──────── STORED DATA

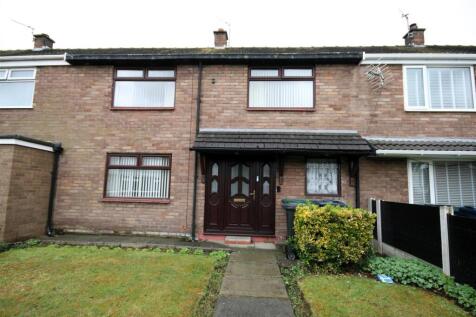 Aspen Way, Skelmersdale WN8 3 bed terraced house for sale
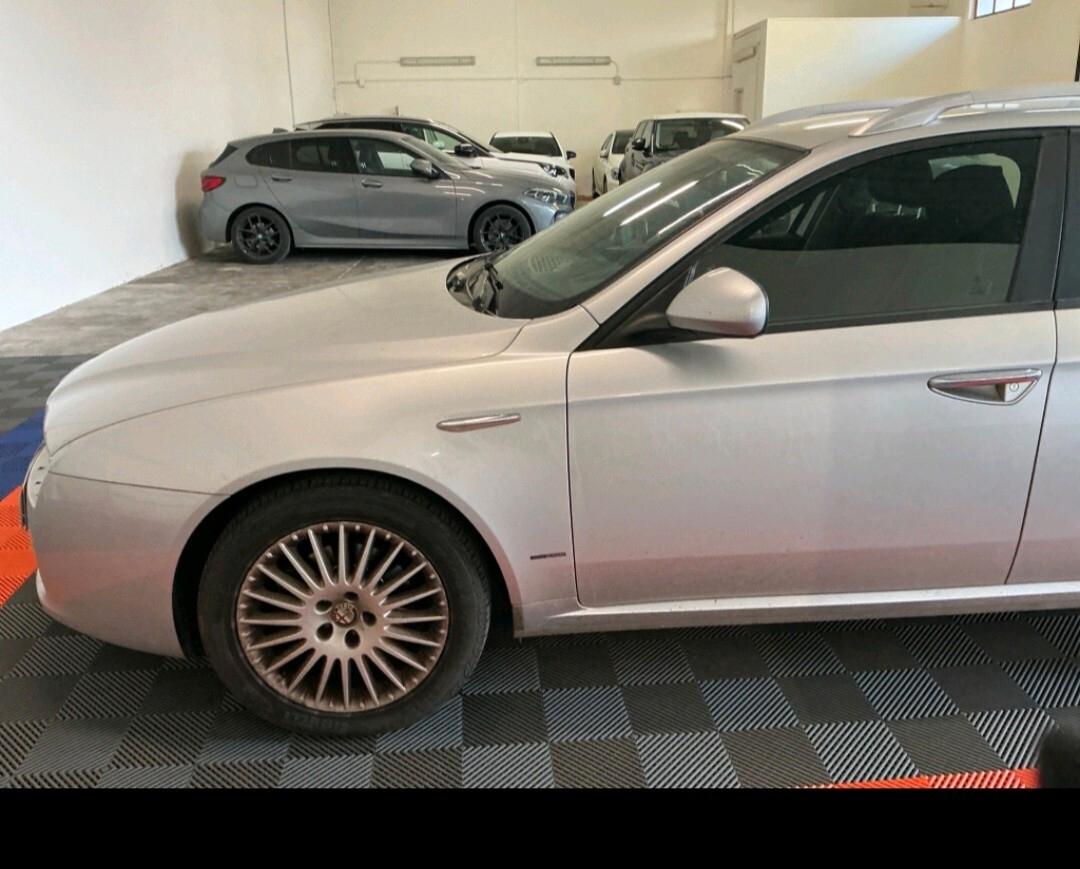 Alfa Romeo 159 1.9 JTDm 16V Distinctive 2007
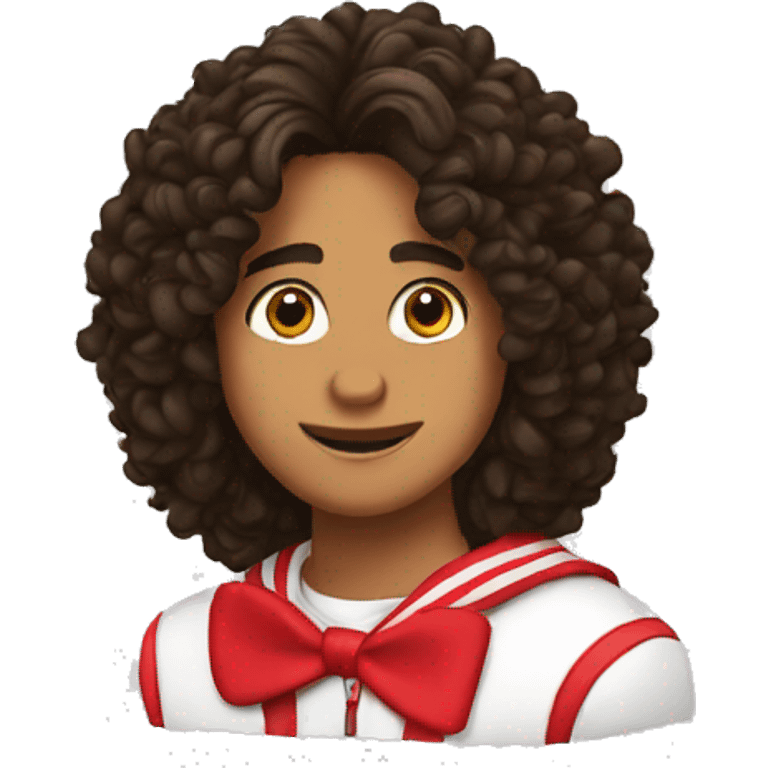 High School Musical emoji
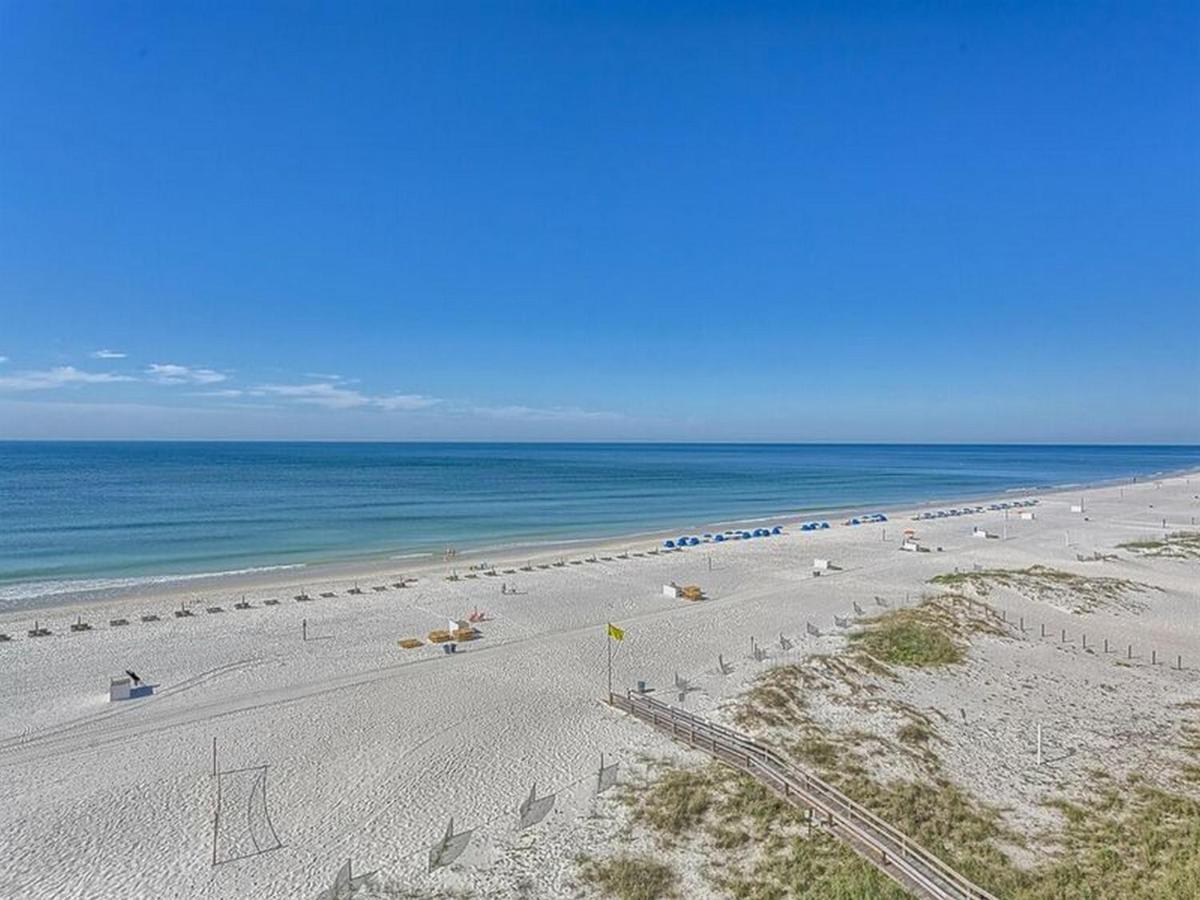 San Carlos Condos II Gulf Shores Buitenkant foto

────────────────

DIRECTIONS FOR THIS TASK » Your copy of the data should match it exactly, apart from the images, which are omitted.

EXERCISE RESPONSE »
 Aspen Way, Skelmersdale WN8 3 bed terraced house for sale
 Alfa Romeo 159 1.9 JTDm 16V Distinctive 2007
 High School Musical emoji
 San Carlos Condos II Gulf Shores Buitenkant foto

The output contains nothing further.